12. Termination and Dissolution of the Company.
12.1 Termination of Company. Subject to the provisions of the
Loan Documents while the Mortgage Loan is outstanding and to the
provisions of Section 7.4 the Company shall be dissolved, shall
terminate and its assets shall be disposed of, and its affairs
wound up upon the earliest to occur of the following:
12.1.1 Upon the happening of any event of dissolution
specified in the Certificate of Formation;
12.1.2 A determination by the Manager, with a Majority Vote,
to terminate the Company;
12.1.3 The occurrence of a Dissolution Event with respect to
the Manager; or
12.1.4 The expiration of the term of the Company.
Notwithstanding the foregoing, while the Mortgage Loan is
outstanding, the Company shall not dissolve for so long as one
solvent Member exists and upon the occurrence of any Dissolution
Event the remaining Members shall vote to continue the Company
and the consent of a majority of the remaining Members shall be
sufficient to continue the Company.
12.2 Certificate of Cancellation. As soon as possible following
the occurrence of any of the events specified in Section 12.1,
the Manager who has not wrongfully dissolved the Company or, if
none, the Members, shall execute a Certificate of Cancellation in
such form as shall be required by the Act.
12.3 Liquidation of Assets.
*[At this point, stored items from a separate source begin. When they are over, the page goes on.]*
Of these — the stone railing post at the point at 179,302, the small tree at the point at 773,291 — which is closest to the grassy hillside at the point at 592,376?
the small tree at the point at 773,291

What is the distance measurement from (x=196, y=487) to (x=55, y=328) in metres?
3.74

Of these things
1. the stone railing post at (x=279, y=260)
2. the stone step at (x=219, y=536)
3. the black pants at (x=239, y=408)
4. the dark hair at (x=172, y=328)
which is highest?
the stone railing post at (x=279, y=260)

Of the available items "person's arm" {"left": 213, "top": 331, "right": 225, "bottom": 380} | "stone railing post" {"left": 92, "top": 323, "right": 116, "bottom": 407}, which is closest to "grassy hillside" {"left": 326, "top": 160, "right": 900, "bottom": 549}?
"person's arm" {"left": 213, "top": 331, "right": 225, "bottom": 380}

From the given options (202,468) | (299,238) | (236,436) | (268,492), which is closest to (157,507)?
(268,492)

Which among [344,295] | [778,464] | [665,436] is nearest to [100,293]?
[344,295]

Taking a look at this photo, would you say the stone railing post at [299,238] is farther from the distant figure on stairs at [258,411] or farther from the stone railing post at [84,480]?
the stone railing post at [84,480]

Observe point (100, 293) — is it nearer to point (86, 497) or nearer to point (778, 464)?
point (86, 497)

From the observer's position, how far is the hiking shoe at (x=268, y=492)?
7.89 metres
Upon a dissolution and termination
of the Company, the Manager (or in case there is no Manager, the
Members or person designated by a Majority Vote) shall take full
account of the Company assets and liabilities, shall liquidate
the assets as promptly as is consistent with obtaining the fair
market value thereof, and shall apply and distribute the proceeds
therefrom in the following order:
12.3.1 To the payment of creditors of the Company, including
Members who are creditors to the extent permitted by law, but
excluding secured creditors whose obligations will be assumed or
otherwise transferred on the liquidation of Company assets;
12.3.2 To the setting up of any reserves as required by law
for any contingent liabilities or obligations of the Company;
provided, however, that said reserves shall be deposited with a
bank or trust company in escrow at interest for the purpose of
disbursing such reserves for the payment of any of the
aforementioned contingencies and, at the expiration of a
reasonable period, for the purpose of distributing the balance
remaining in accordance with remaining provisions of this
Section 12.3; and
12.3.3 To the Owners in proportion as set forth in Section
5.1, after giving effect to all Capital Contributions,
Distributions and allocations for all periods, including the
period during which such Distribution occurs.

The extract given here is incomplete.